In today’s economy, many credit unions find themselves with merger opportunities, but the potential hazards of collaborating can make even the most seasoned CEOs take pause.
While a number of small credit unions are successfully reinventing themselves to adapt to today’s economic times, for many others, the challenge is becoming serious and a merger might seem to be the only means for survival.
A credit union typically undergoes a merger to improve its standing and, more importantly, its members’ standings, experts have said. Without improved member value, there is little that is sustainable or beneficial about a merger, but there’s more to it than changing the signage.

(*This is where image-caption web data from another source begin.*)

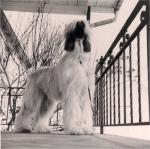 Thumbnail of Kabul's Tjani Of Naranjal (USA)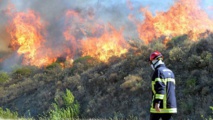 Les forêts marocaines menacées d’embrasement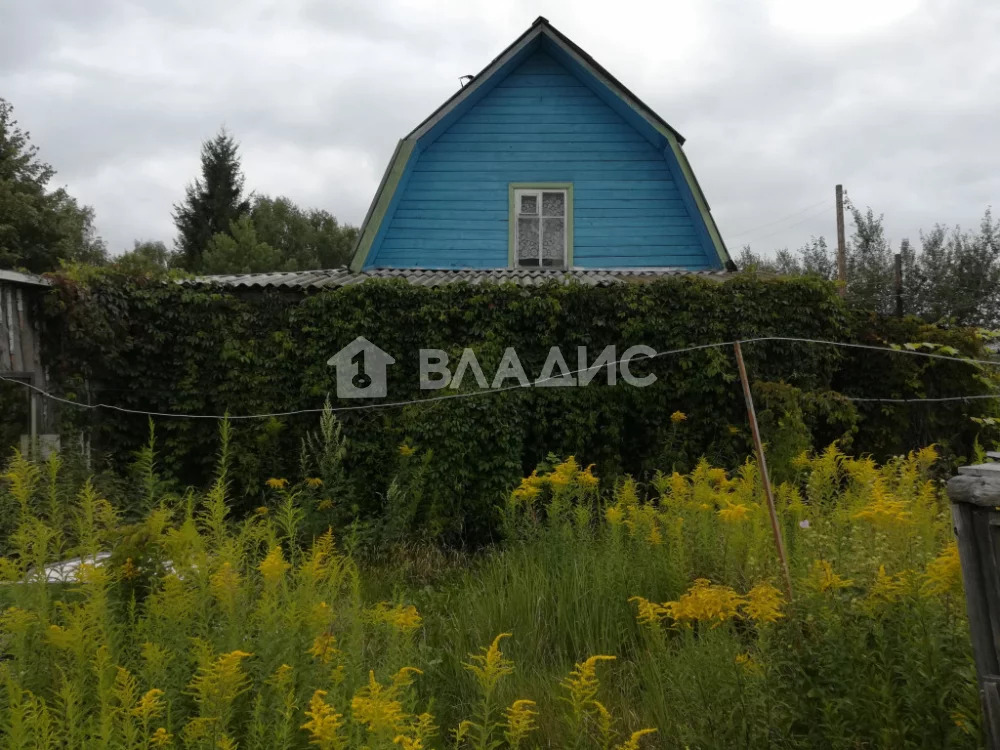 Городской округ Бор, деревня Марково, дом на продажу - Фото 6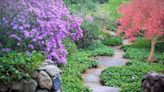 Gwent gardens open to public for National Garden Scheme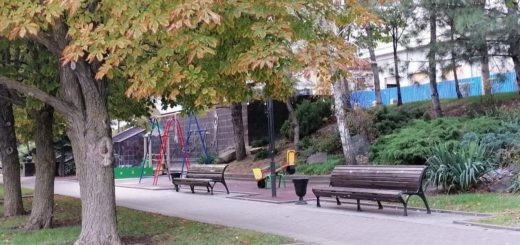 В Туле на улице Кауля до 1 августа появится новый сквер за 39 млн рублей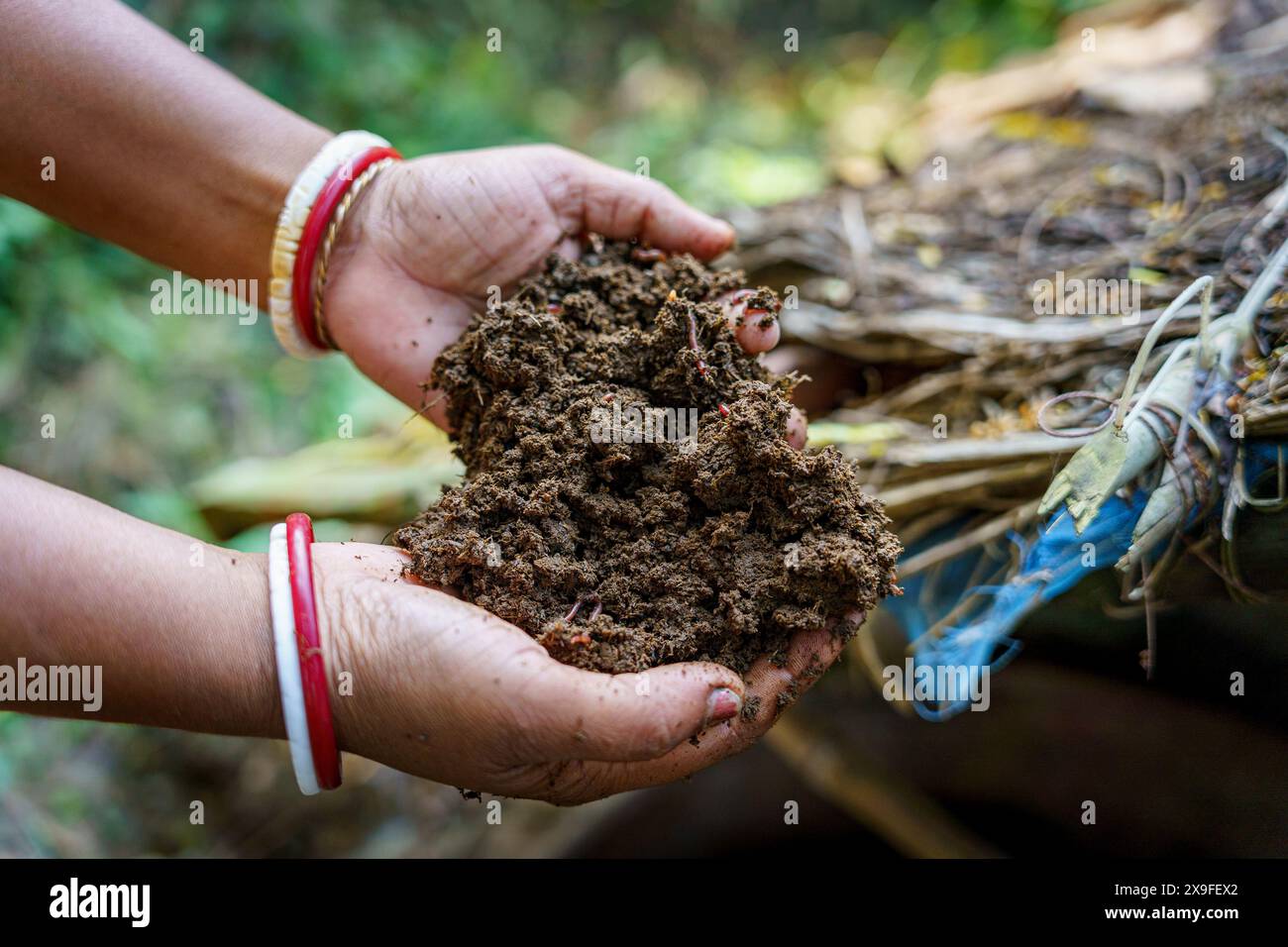 Hände einer indischen Farmerin, die den Boden nahe hält. Landwirtschafts- und Landwirtschaftskonzept für Frauen im ländlichen Indien. Emanzipation der Frau in Stockfoto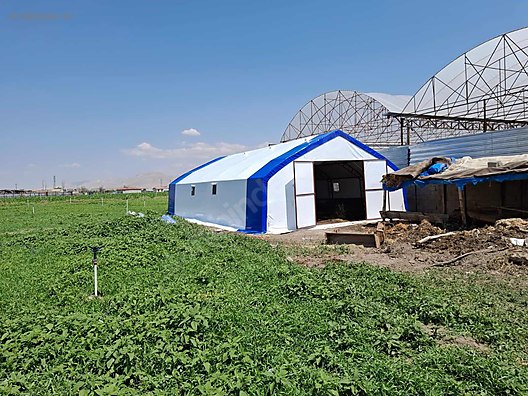 Pets & Livestock / Accessories / Large & Small Livestock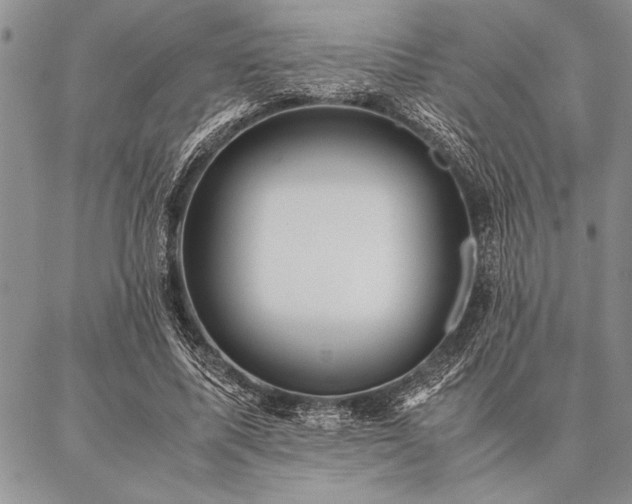 X0000087310587200704271404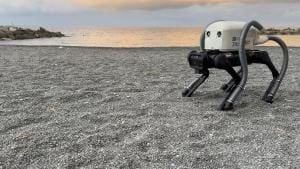 VERO : le robot chien qui nettoie les plages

Finding the best partners, negotiating terms, completing the required regulatory paperwork, due diligence, vendor notification and member disclosures are all part of the process. Most importantly, a merger without a strong communication plan involving employees and members could be a deal breaker, experts warn.
“There are a lot of reasons that credit unions are merging these days and it’s not only so they can survive,” said David Bennett, director of public relations for the Northwest Credit Union Association, which has offices in Beaverton, Ore., and Federal Way, Wash. “CEO’s are retiring left and right and the cost of a good CEO is quite expensive. The economy is certainly behind the decision to merge for many, but there are a lot of different reasons behind the amount of mergers these days.”
According to Bennett, there were 65 mergers in the state of Washington between 2010 and 2011.
“When people hear the word ‘merger,’ they think of layoffs,” said Shari Campbell, vice president of JayRay, a Tacoma, Wash.-based company that specializes in branding, advertising and strategic communications.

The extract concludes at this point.